Index Images with ColPali: Multi-Modal Context Engineering

August 12, 2025 · 7 min read

CocoIndex Maintainer

Colpali

We’re excited to announce that CocoIndex now supports native integration with ColPali — enabling multi-vector, patch-level image indexing using cutting-edge multimodal models.

With just a few lines of code, you can now embed and index images with ColPali’s late-interaction architecture, fully integrated into CocoIndex’s composable flow system.

Star CocoIndex on GitHub if you like it!

Why ColPali for Indexing?

ColPali (Contextual Late-interaction over Patches) is a powerful model for multimodal retrieval.

It fundamentally rethinks how documents—especially visually complex or image-rich ones—are represented and searched. Instead of reducing each image or page to a single dense vector (as in traditional bi-encoders), ColPali breaks an image into many smaller patches, preserving local spatial and semantic structure. Each patch receives its own embedding, which together form a multi-vector representation of the complete document.

colpali architecture

Colpali's Architecture - Source: ColPali

Fine-Grained Visual Search:
- Each image is split into a grid (commonly 32x32, generating 1,024 patches per page), and every patch is embedded with contextual awareness of both visual and textual cues.
- During search, user queries are also broken down into token embeddings, allowing matching of specific textual tokens to the most relevant image patches. This supports matching at a much finer spatial and semantic granularity than single-vector models.
Preservation of Spatial and Semantic Structure:
- Traditional methods collapse document images into global vectors, losing vital layout and region-based context. ColPali’s patch embeddings retain spatial relationships and can localize query matches (e.g., finding a diagram in a manual or a table on a form), making the search results more accurate and interpretable.
High Recall Across Object-Rich Scenes:
- Scenes with multiple objects, dense text, graphics, or mixed content benefit because the model does not “forget” small but important regions. Each patch is individually considered, reducing the likelihood of missing relevant information even in visually cluttered pages.
Advanced Search Strategies (Late Interaction & MaxSim):
- ColPali leverages the late interaction (LI) paradigm, inspired by ColBERT, where query tokens are compared against all patch embeddings from a document. The MaxSim operation keeps only the maximum similarity score for each query token, then sums these for the final relevance score. This enables precise, interpretable, and efficient retrieval, handling both large-scale searches and nuanced queries.
- The use of LI also reduces the computational burden at query time by avoiding up-front dense cross-attention or joint encoding, making retrieval both fast and accurate.
Bypassing Traditional OCR Pipelines:
- Because images are processed natively, there is no need for error-prone text extraction or segmentation steps, boosting speed and end-to-end efficiency.

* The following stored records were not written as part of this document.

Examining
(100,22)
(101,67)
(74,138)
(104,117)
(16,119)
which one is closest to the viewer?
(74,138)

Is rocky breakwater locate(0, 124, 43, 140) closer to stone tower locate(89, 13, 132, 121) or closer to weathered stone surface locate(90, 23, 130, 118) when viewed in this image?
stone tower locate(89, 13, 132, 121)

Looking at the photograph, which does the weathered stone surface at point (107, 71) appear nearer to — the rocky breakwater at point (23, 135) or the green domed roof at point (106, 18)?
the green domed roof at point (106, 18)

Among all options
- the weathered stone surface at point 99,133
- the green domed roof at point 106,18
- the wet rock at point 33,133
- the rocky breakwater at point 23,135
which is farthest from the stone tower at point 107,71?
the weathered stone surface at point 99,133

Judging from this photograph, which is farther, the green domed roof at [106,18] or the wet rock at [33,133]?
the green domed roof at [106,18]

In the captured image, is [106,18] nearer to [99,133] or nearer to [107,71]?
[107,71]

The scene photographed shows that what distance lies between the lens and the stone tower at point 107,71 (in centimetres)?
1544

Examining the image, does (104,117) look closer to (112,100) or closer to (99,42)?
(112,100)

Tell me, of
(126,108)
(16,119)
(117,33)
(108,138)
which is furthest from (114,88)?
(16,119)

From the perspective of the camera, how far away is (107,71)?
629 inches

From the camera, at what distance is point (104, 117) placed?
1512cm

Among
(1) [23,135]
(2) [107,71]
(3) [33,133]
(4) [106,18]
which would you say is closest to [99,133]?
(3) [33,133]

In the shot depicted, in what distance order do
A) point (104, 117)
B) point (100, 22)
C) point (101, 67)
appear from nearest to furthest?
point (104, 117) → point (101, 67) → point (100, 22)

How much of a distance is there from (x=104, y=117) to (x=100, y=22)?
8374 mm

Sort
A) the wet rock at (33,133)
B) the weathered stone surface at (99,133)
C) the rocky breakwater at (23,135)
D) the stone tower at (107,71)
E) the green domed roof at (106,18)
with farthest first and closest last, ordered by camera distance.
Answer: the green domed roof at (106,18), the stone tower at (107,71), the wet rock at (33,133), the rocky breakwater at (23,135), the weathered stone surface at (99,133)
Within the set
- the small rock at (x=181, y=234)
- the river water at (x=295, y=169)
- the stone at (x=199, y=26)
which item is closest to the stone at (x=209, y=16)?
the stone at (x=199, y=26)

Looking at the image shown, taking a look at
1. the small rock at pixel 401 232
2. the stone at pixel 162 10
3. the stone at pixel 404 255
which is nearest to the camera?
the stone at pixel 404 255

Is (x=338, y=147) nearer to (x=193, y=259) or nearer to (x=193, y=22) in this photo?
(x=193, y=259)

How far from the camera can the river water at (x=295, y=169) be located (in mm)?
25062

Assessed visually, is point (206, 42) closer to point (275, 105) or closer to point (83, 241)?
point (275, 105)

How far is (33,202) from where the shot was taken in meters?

This approach can also capture visual elements that OCR skips, such as charts, drawings, or logos.
Scalability and Storage Efficiency:
- Compression schemes such as quantization and pruning (Hierarchical Patch Compression, HPC-ColPali) can further shrink storage needs and speed up similarity computation, allowing ColPali-based systems to scale to billions of documents or on-device retrieval without losing accuracy.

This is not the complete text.